ADOPTION OF NEW ACCOUNTING STANDARDS
IFRS 16, Leases
The extension of the amendments to IFRS 16, Leases regarding COVID-19-Related Rent Concessions, to include rent concessions for which reduction in lease payments due on or before June 30, 2022, did not have a material impact on the Company's consolidated financial statements.
ANTICIPATED CHANGES TO INTERNATIONAL FINANCIAL REPORTING STANDARDS
The Company does not expect that any new or amended standards or interpretations that are effective for annual periods beginning on or after January 1, 2022, including amendments to IAS 16, Property Plant, and Equipment, regarding the accounting for proceeds before intended use, and amendments to IAS 37, Provisions, Contingent Liabilities and Contingent Assets, regarding the inclusion of all costs of fulfilling an onerous contract, will have a significant impact on the Company’s results of operations or financial position.
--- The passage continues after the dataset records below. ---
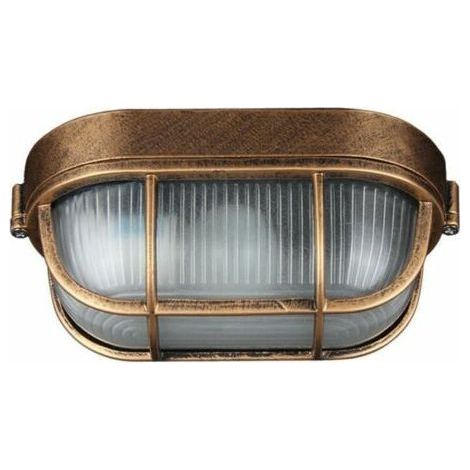 Applique D'extérieur, Lampe Ovale En Aluminium Moulé Sous Pression Applique, Murale Marine Nautique Lumière Vintage Industrielle, Lampe De Bateau, Décoration Mur Patio Couloir Lampes (1/5)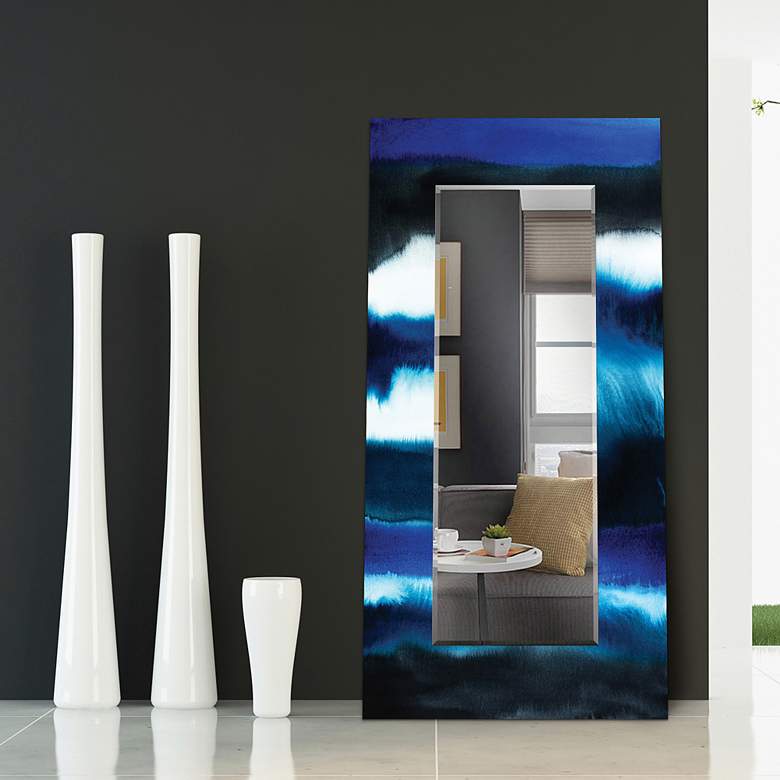 Image 1 Run Off II Tempered Art 36 inch x 72 inch Rectangular Wall Mirror in scene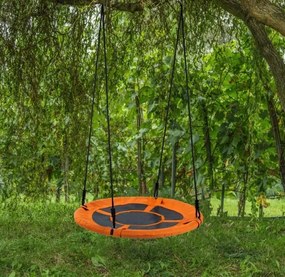 Висяща люлка с щъркелово гнездо в оранжево 100 cm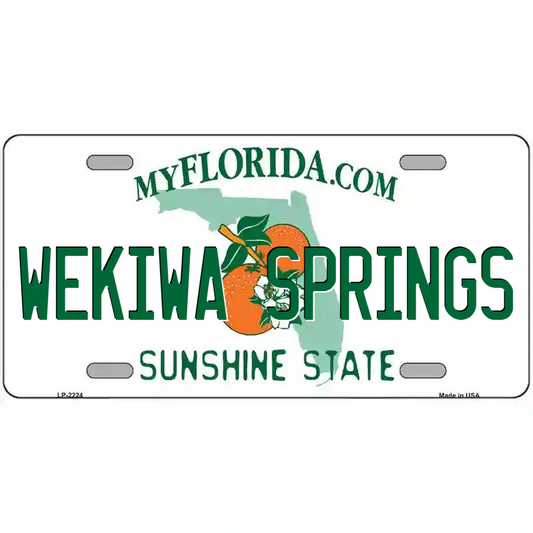 Wekiwa Springs Florida Metal Sign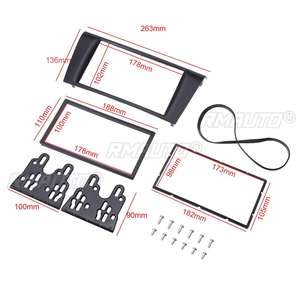 Kit de embellecedores de panel de salpicadero 2DIN para radio estéreo de coche y DVD, cubierta de marco para Mazda 3 AXELA 2004 2005 2006 2007 2008 2009 - Product Image 6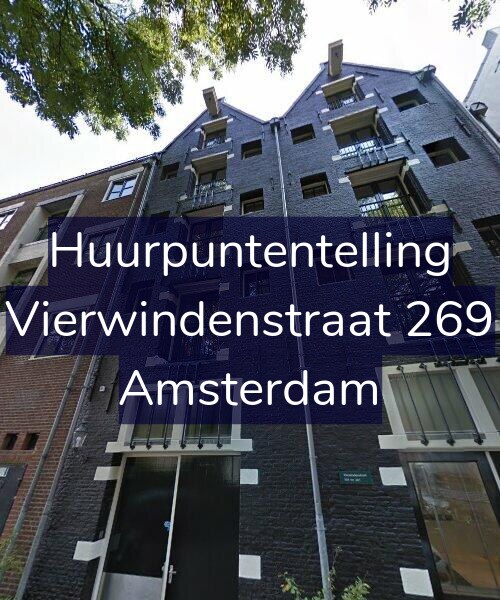 Foto gevel Huurpuntentelling voor Vierwindenstraat 269, Amsterdam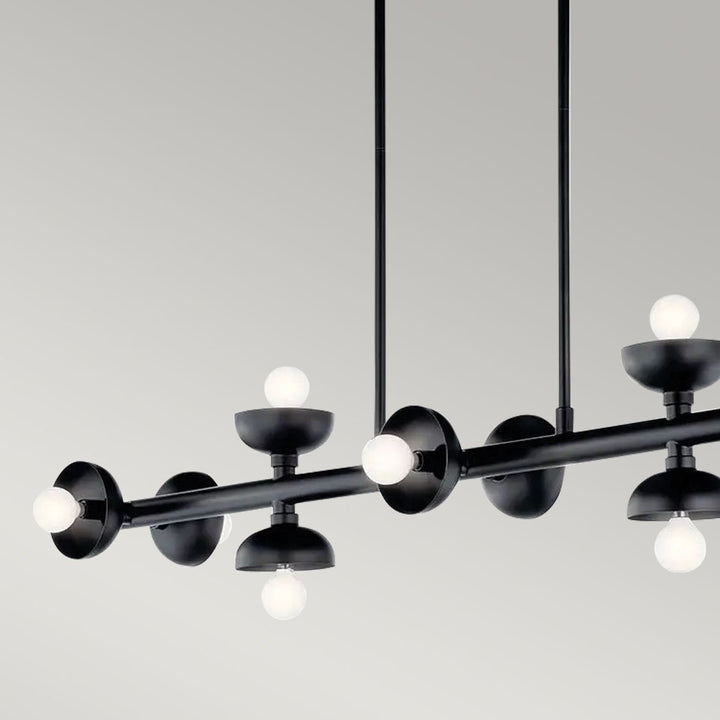 Palta Linear Pendant Light - Satin Black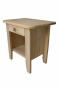 Table de chevet bois naturel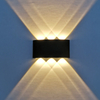Lámpara de pared LED de 6W en forma de arco para exteriores, resistente al agua, hacia arriba y hacia abajo, aplique de pared moderno de aluminio, iluminación de pared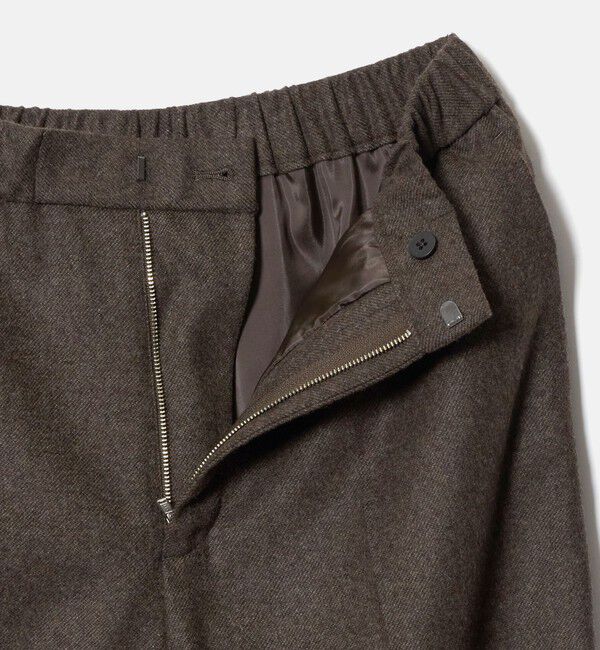 BEAUTY&YOUTH UNITED ARROWS「フラノ ワイド ストレートパンツ」|スラックス|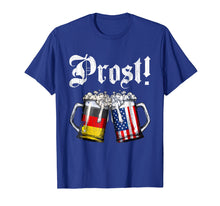 Ladda upp bild till gallerivisning, Prost Beer German American Flag T Shirt Oktoberfest Men Mug
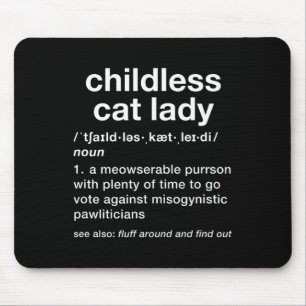 Tapis De Souris Enfant Chat Lady Funny Dictionnaire Définition
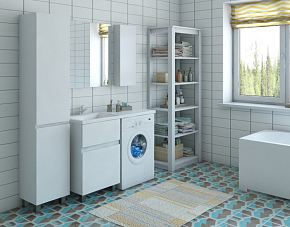 Фото Тумба с раковиной Эстет Dallas Luxe 105 L белая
The Company does not expect that new standards or amended standards or interpretations that are effective for annual periods beginning on or after January 1, 2023, to have a significant impact on the Company's results of operations or financial position.
NON-GAAP MEASURES
In addition to providing measures prepared in accordance with IFRS, we present certain supplemental measures that are not defined terms under IFRS (non-GAAP measures or ratios). These are Adjusted EBITDA, Adjusted net income (loss), Adjusted net income (loss) per common share, Adjusted revenue, Average realized price, Adjusted net income (loss) before income tax, Adjusted income tax expense/recovery, and Adjusted effective tax rate. These non-GAAP financial measures and ratios reflect our 63.1% economic interest in the Atlas facility and our 50% economic interest in the Egypt facility, and are useful as they are a better measure of our underlying performance and assist in assessing the operating performance of the Company’s business. These measures, at our share of our facilities, are a better measure of our underlying performance, as we fully run the operations on our partners' behalf, despite having less than full share of the economic interest. Adjusted EBITDA is also frequently used by securities analysts and investors when comparing our results with those of other companies.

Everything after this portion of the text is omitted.